The Bulletproof Coffee didn't keep hunger at bay, and my stomach had been grumbling for hours. You are required to shower both before and after you use the float tank, which resulted in me taking three showers before lunchtime, and I feverishly scratched my dried-out skin as I headed to a nearby juice bar. The minimalist establishment was started by an acupuncturist who for a time ran fashionable wellness retreats. The sign outside said "Food Is Healing," though inside there was very little actual food for sale.

"Do you sell anything that will make me feel good?" I asked a stylish man behind the counter, who worked up a cup of something based on how I told him I felt—"jittery." He handed me a beet root juice called "After Party" that tasted like Clamato. It swished around my stomach the whole way home. I hated it. I felt like crap.


4 PM - Cupping and Acupuncture

When Dr. Judy asked me why I had come to see her, I didn't have an answer ready. Her office is in Chinatown, in a large and almost completely empty old building. I did not want to be there.

Acupuncture is an effective treatment for lots of ailments—back pain, insomnia, digestive blockage—but I couldn't claim any of these.
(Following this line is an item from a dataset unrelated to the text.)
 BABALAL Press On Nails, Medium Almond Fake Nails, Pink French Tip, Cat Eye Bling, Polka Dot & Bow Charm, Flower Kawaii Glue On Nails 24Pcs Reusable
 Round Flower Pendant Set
I was in pursuit of some abstract sense of wellness, which, her question had made me realize, is a very privileged position to be in.
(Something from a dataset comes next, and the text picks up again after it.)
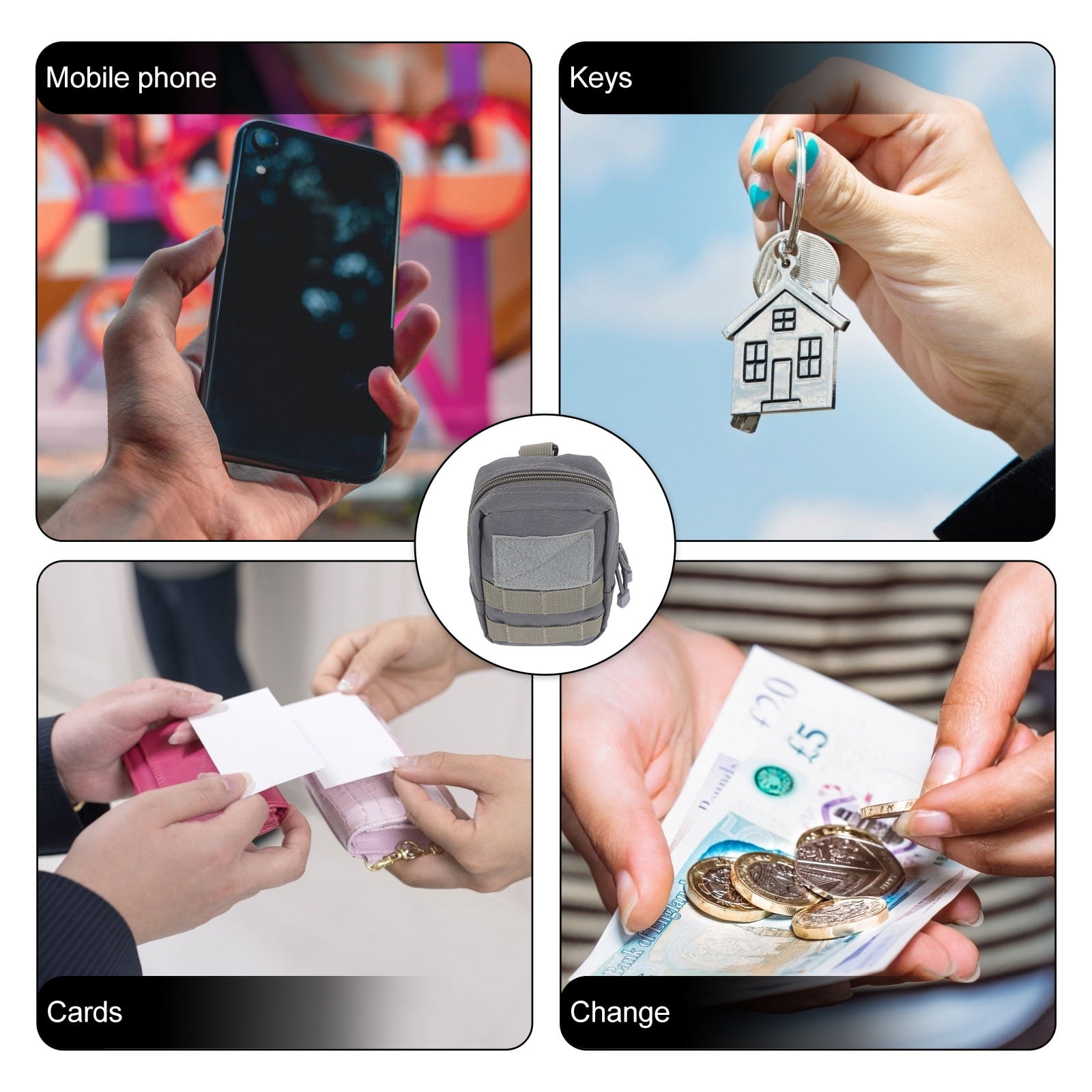 Worgeous Mobile Phone Pocket Foldable Small Pouch Bag Grey - Image 2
"Anxiety," I finally answered. It wasn't a lie.

She asked me to change into a pair of hospital pants and lie on my stomach. While acupuncture's effectiveness has been clinically proven, cupping remains dubious as a procedure. Nonetheless, the world's best swimmers appear at the Summer Olympics with telltale hickies across their broad backs, and this questionable wellness treatment reestablishes itself in the public's consciousness every four years, like clockwork. Luckily, Dr. Judy does both treatments at once, and I didn't have to choose between them.

She flicked the needles into my flesh, and I could feel their bizarre wobbling gravity tug at the skin. I heard a pumping sound, and a cup formed a seal against the back of my knee as it began its suction. As she continued her work across my body, she never stopped asking questions and seemed genuinely concerned for my well-being after I mentioned work anxieties. "One day at a time! You put too much pressure on yourself," she said as she inserted three needles above each of my eyelids. I started to feel better, and by the end of the 90-minute session we were laughing, pin cushion and seamstress, together as one.

"Wellness" literally means "the opposite of illness," though the word is tasked with much heavier lifting these days. Dr. Judy got me thinking: Maybe simply feeling OK is enough. Every time I found myself in a state of OK-ness during my pursuit of wellness, I quickly moved to a new thing that would ultimately undo any progress I had made. I'm unqualified, both in the mysteries of spiritual health and as a writer, to determine if this is an apt metaphor for the wellness industry in general, but it's worth thinking about.

If something makes you feel nice, it might be a good idea to just leave it at that. Dr. Judy's treatment may have left marks all over my body, but she also gave me the confidence to call it quits for the day. I am forever in her debt for this, as the next treatment I had scheduled was a Gwyneth Paltrow–approved genital steam. Sometimes, the avoidance of wellness can be the best way to achieve it.